§ **What you will do**
Produce a word-for-word copy of the listing below without its pictures.

§ **Data for review**
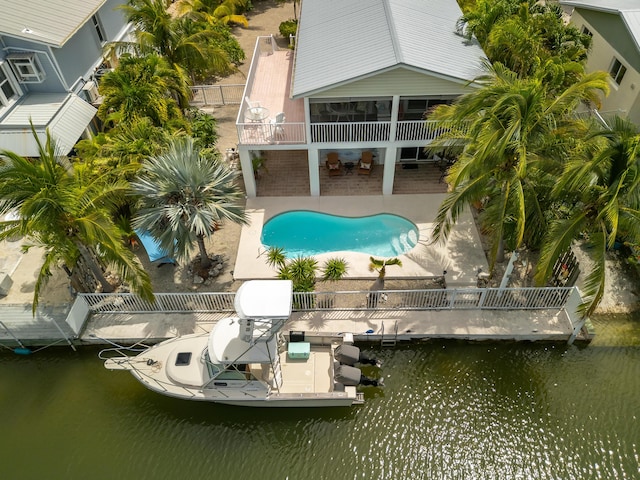 exterior space featuring a dock, a patio area, and a water view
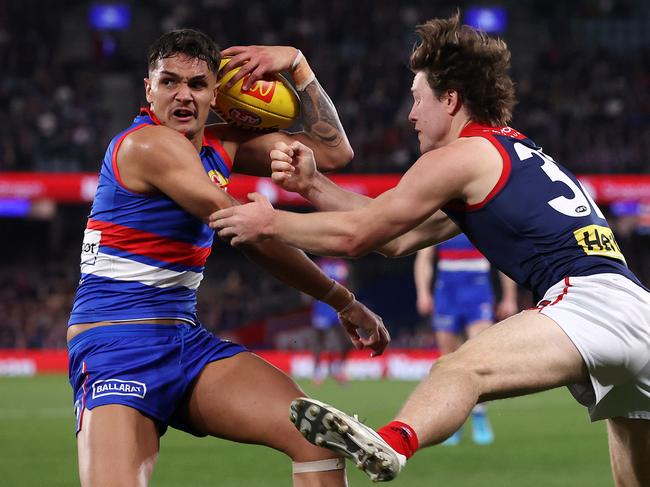 MELBOURNE, AUGUST 2, 2024: 2024 AFL Football - Round 21 - Western Bulldogs V Melbourne Demons at Marvel Stadium. Jamarra Ugle-Hagan of the Bulldogs under pressure. Picture: Mark Stewart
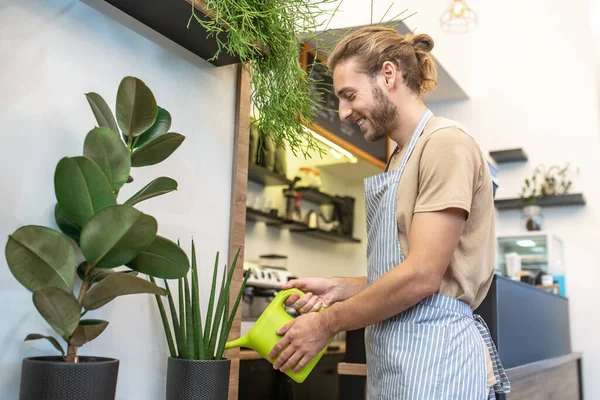 Lächelnder Mann im Profil gießt Pflanzen im Café — Stockfoto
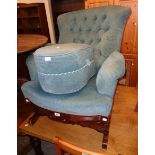 An Edwardian stained walnut framed rocking armchair with later button back frosted blue velour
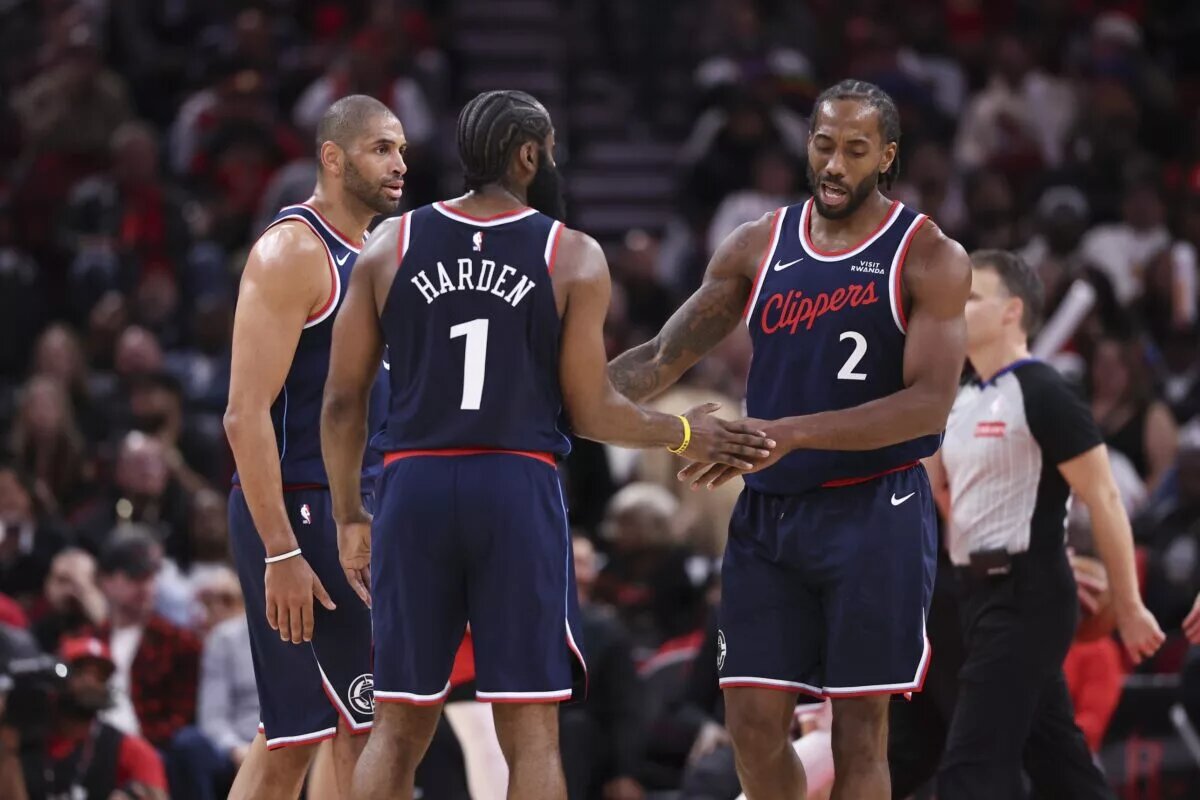 Dec 11, 2025; Houston, Texas, USA; Los Angeles Clippers forward Kawhi Leonard (2) reacts with guard James Harden (1) and forward Nicolas Batum (33) after a play during the fourth quarter against the Houston Rockets at Toyota Center. Mandatory Credit: Troy Taormina-Imagn Images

§ **Exercise answer**
 exterior space featuring a dock, a patio area, and a water view
 MELBOURNE, AUGUST 2, 2024: 2024 AFL Football - Round 21 - Western Bulldogs V Melbourne Demons at Marvel Stadium. Jamarra Ugle-Hagan of the Bulldogs under pressure. Picture: Mark Stewart
 Lächelnder Mann im Profil gießt Pflanzen im Café — Stockfoto
 An Edwardian stained walnut framed rocking armchair with later button back frosted blue velour
 Dec 11, 2025; Houston, Texas, USA; Los Angeles Clippers forward Kawhi Leonard (2) reacts with guard James Harden (1) and forward Nicolas Batum (33) after a play during the fourth quarter against the Houston Rockets at Toyota Center. Mandatory Credit: Troy Taormina-Imagn Images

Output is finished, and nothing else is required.